# sayings to help you loose weight



## Caroline (Sep 29, 2010)

When I went to weight watchers many moons ago, we were give a list of sayings to help us attain our goals.

Here are the ones I can remember

Kitchen pickers need bigger knickers
A moment on the lips a life time on the hips
Think slim
Every day in every way I learn more about my goals
Be positive


----------



## lucy123 (Sep 29, 2010)

Like the first one Caroline - will try that one next time tempted!


----------



## MargB (Sep 29, 2010)

I think sayings like that are OK if you say them to yourself - hate it when some smart alec says it to me.


----------



## Caroline (Sep 29, 2010)

MargB said:


> I think sayings like that are OK if you say them to yourself - hate it when some smart alec says it to me.

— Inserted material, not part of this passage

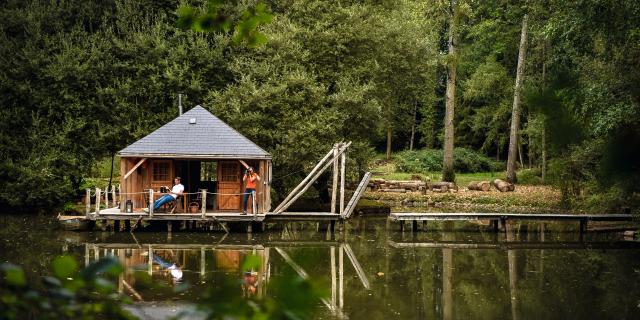 Cabane sur l'eau - Le Bois à Forcé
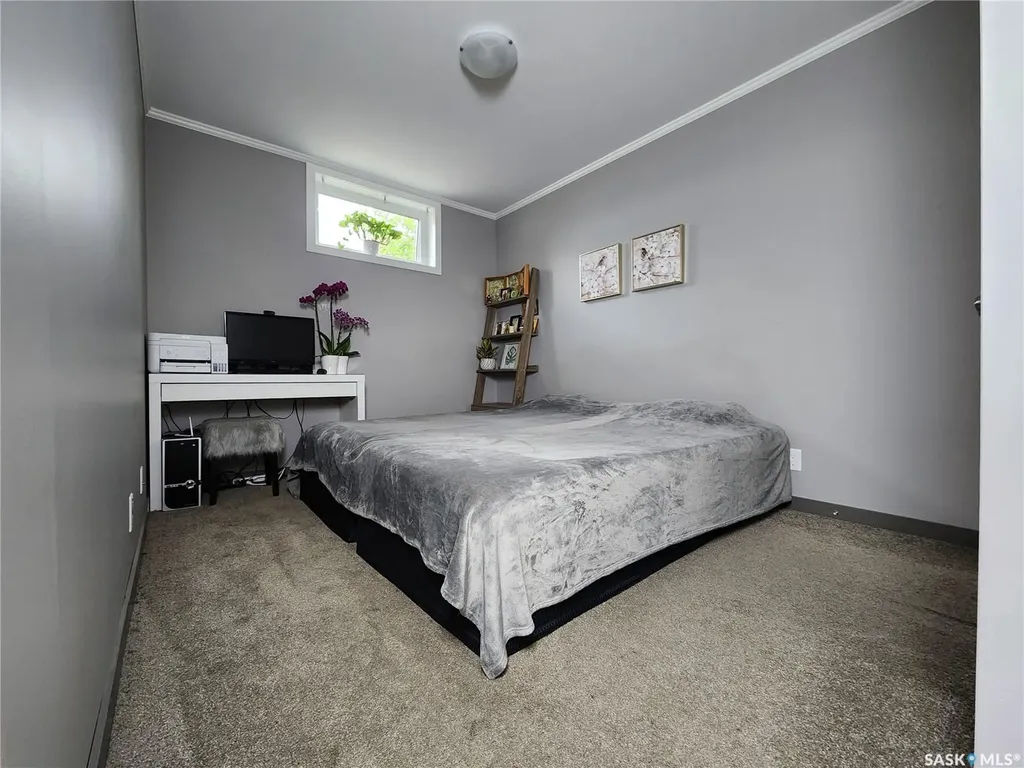 322 Lewin Way Saskatoon SK S7T 0Y9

They get a two word retort from me. The second word is off!


----------



## MargB (Sep 29, 2010)

Oooh, do tell me the first word!!

I always tell people they have a choice for the first word but the second is definitely off.


----------



## cazscot (Sep 29, 2010)

My favourite saying is "never give up, never surrender"


----------



## Hazel (Sep 29, 2010)

one from years ago - a moment on the lips a lifetime on the hips


----------



## Steff (Sep 29, 2010)

Dedication decication dedication my motto anyway...makes me tackle any weight issue head on and has done since my weight battle at 19.


----------



## Caroline (Sep 30, 2010)

Breakfast like a king, lunch like a prince dinner (or supper) like a pauper, although it never did anything for me.


----------



## Andy HB (Sep 30, 2010)

Caroline said:


> Breakfast like a king, lunch like a prince dinner (or supper) like a pauper, although it never did anything for me.



I think that relates to a time when we used to work for a living (as opposed to just sitting around - apologies if you do work for a living) 

Andy


----------